### WHAT NEEDS TO BE DONE
What is needed is a word-for-word copy of the listing below, without pictures.

### DATASET EXTRACT
--------

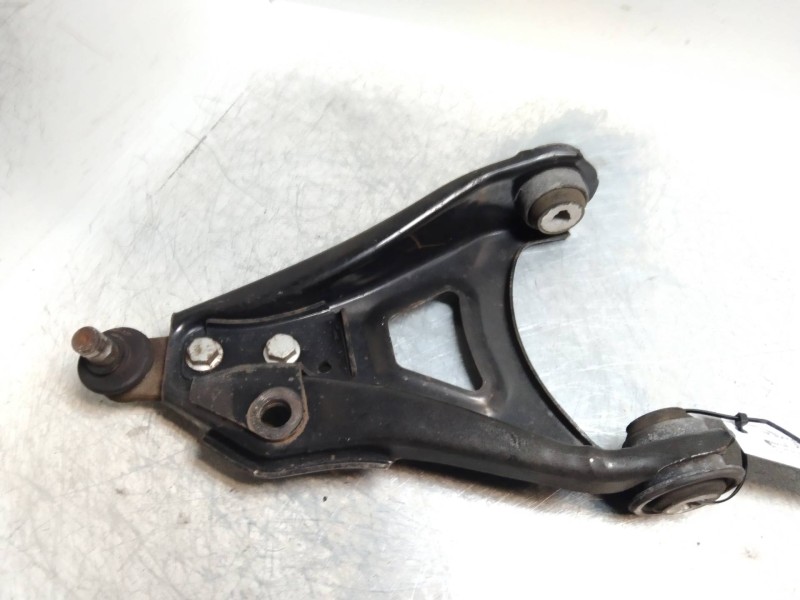 Recambio de brazo suspension inferior delantero izquierdo para renault clio ii fase ii (b/cb0) authentique referencia OEM IAM   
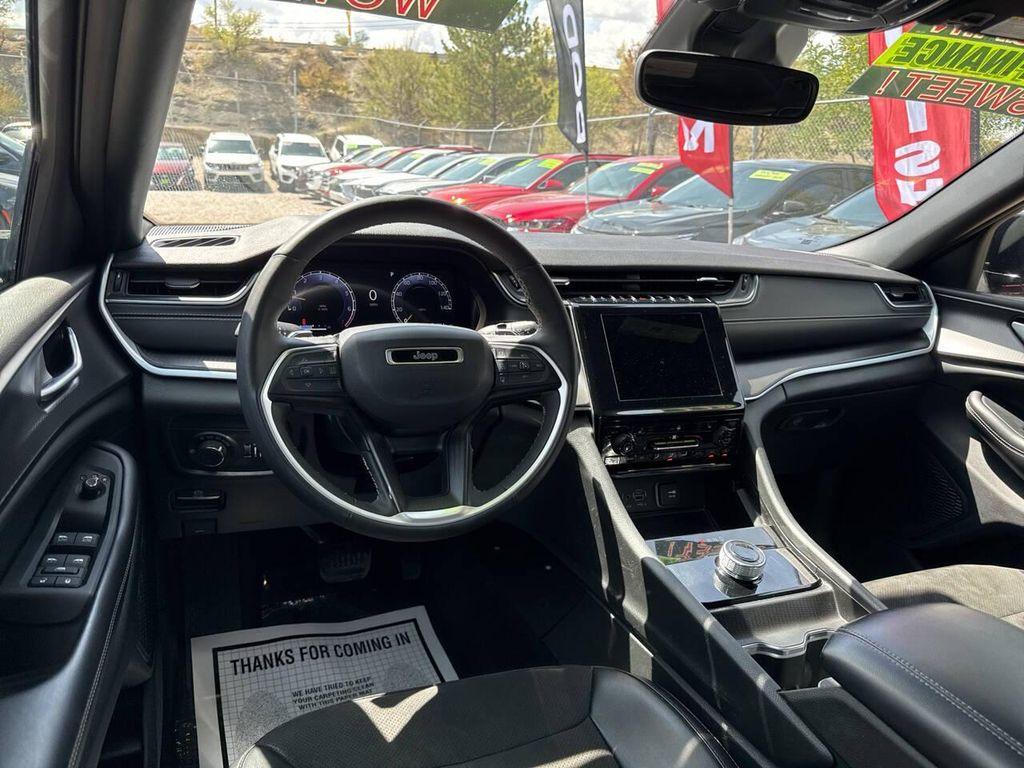 used 2024 Jeep Grand Cherokee car, priced at $28,995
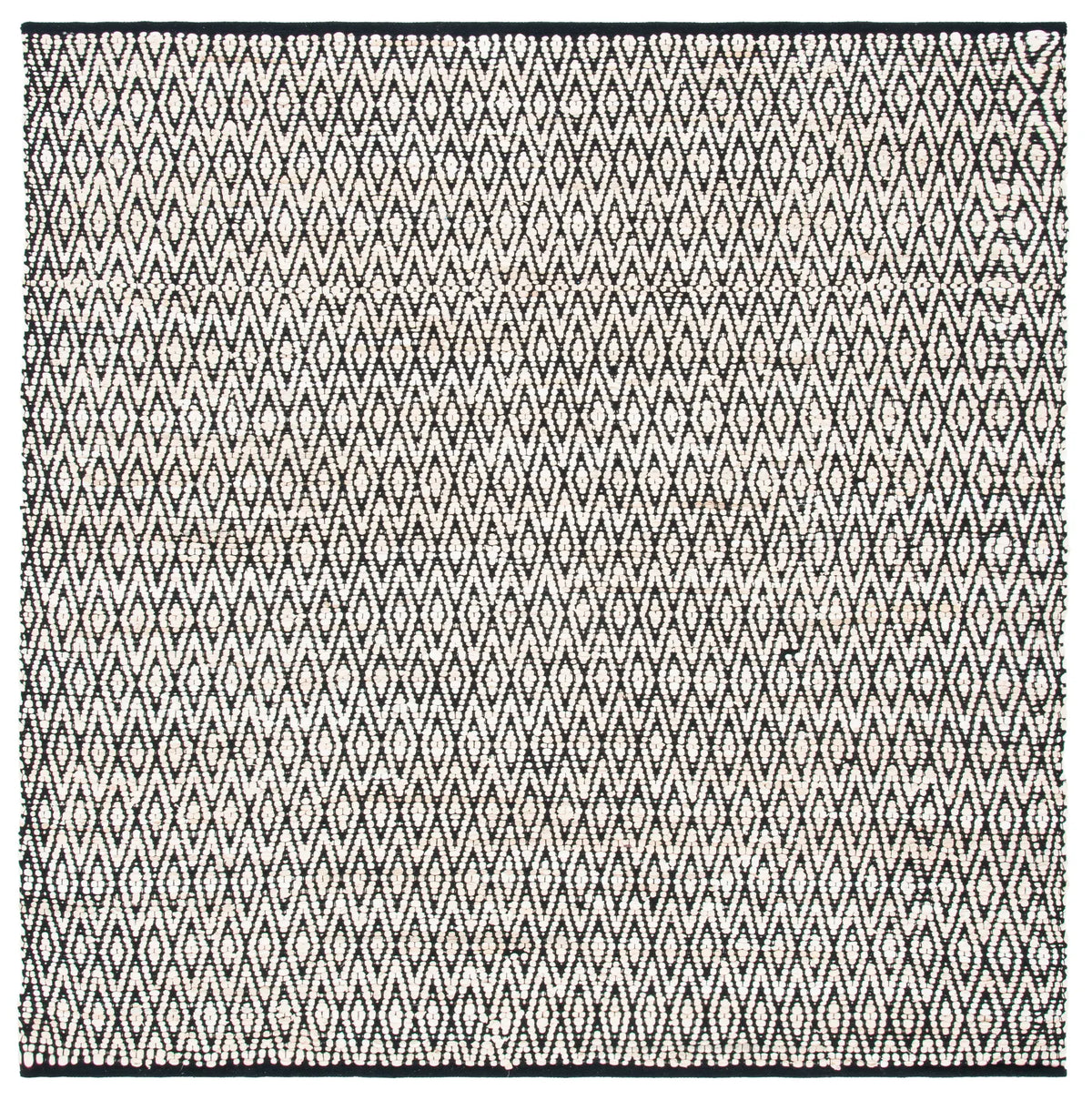Safavieh Montauk 6'-0" x 6'-0" Rug in Beige / Black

--------

### TASK ANSWER
 Recambio de brazo suspension inferior delantero izquierdo para renault clio ii fase ii (b/cb0) authentique referencia OEM IAM   
 used 2024 Jeep Grand Cherokee car, priced at $28,995
Safavieh Montauk 6'-0" x 6'-0" Rug in Beige / Black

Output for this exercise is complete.